Nicholas Kristof's New York Times Sunday column praised John Stott, who died last week. That was good. Kristof also used the death to attack his usual suspects, Pat Robertson and Jerry Falwell, and to praise liberal evangelicals Rich Cizik and Jim Wallis.
Stott, of course, was all about the gospel. He rightly didn't put politics first, and I'm tired of evangelicals who get more excited about politics than the gospel. I'm also tired of Wallis's Sojourners, which claims biblical warrant for welfare spending that helps posturing politicians but not the poor.
A year ago Sojourners was embarrassed when WORLD and others publicized its record of funding from George Soros, Barbra Streisand, and others who don't exactly have the gospel at heart. Nevertheless, Sojourners has been running down the field this year largely unopposed in its claim to represent evangelicals.
That's why I'm glad a new group, Christians for a Sustainable Economy (CASE), is today scheduled to send a letter to President Barack Obama that sets the record straight. (I signed it.) The letter states, "Although they claim to speak for 'the faith community,' it needs to be clear that Jim Wallis and the 'Circle of Protection' do not speak for all Christians. However laudable their intention, the consequence of their action is to provide a religious imprimatur for big government and sanctify federal welfare programs that are often ineffective-even counterproductive."

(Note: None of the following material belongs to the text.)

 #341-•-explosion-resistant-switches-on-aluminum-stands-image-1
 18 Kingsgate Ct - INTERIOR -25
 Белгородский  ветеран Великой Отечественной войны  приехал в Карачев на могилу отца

The letter continues, "We do not need to 'protect programs for the poor.' We need to protect the poor themselves. . . . We believe the poor of this generation and generations to come are best served by policies that promote economic freedom and growth, that encourage productivity and creativity in every able person, and that wisely steward our common resources for generations to come."
The CASE letter argues that skyrocketing federal debt is a moral problem, and notes that "all Americans-especially the poor-are best served by sustainable economic policies for a free and flourishing economy. When creativity and entrepreneurship are rewarded, the yield is an increase of productivity and generosity."